Zoom Out

Arrivée de Fernand Léger devant la gare du Palais

Par un jour de grands vents…

pour Elliott

[…] comme la rencontre fortuite sur une table de dissection d’une machine à coudre et d’un parapluie !
– Les chants de Maldoror, Comte de Lautréamont.

Nous sommes à Québec le 7 mai 1945. La capitulation de l’Allemagne est annoncée depuis quelques heures à peine. Dans toutes les grandes villes des pays alliés, tant en Europe qu’en Amérique, les citoyens euphoriques se massent spontanément dans les rues et célèbrent la « Victoire ». À cette occasion, on relate que les étudiants de la capitale paradent dans la haute-ville, manifestant un « excès de joie ».

Espiègles, carabins, ils envahissent le parlement déserté par les ministres.
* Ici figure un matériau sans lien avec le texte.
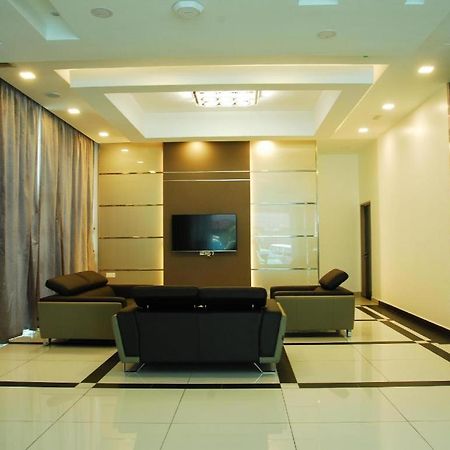 Lf Hotel Tapah Экстерьер фото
Vu leur nombre et leur insistance, les collégiens parviennent à forcer l’entrée principale des différentes chambres du palais législatif et ciblent celle des députés. Certains conquièrent la galerie de la presse alors que d’autres grimpent en triomphe sur les pupitres. Fuse un désordre d’encriers, de bills en confettis, de serpentins, « “de gruau, de pois à soupe et de poudre à laver” ». L’éphémère assemblée réclame la présence des membres du gouvernement de l’Union nationale et, plus spécialement, le premier ministre Maurice Duplessis (1890-1959), alors à Montréal. 

Tandis que la rumeur des revendications résonne encore, les textes des oriflammes brandis à l’occasion sont transcrits dans les quotidiens des 8 et 9 mai. Ceux-ci réfèrent à un chaos d’éléments distincts : « À bas la taxe de luxe ! de Duplessis» ; « Joie des Facultés non-essentielles » ; ou encore « Vive Truman », « Vive de Gaulle », « Vive Churchill » ; « Vive King » ! Dans le cortège, un pantin du défunt chef du IIIe Reich est porté en triomphe sous les arches des portes de l’antique citadelle. On peut imaginer leurs chants : « Hitler chez Satan ! » ; « Les vers dévorent Hitler » ; et sans oublier un bien senti : « Le Boche est fourré ».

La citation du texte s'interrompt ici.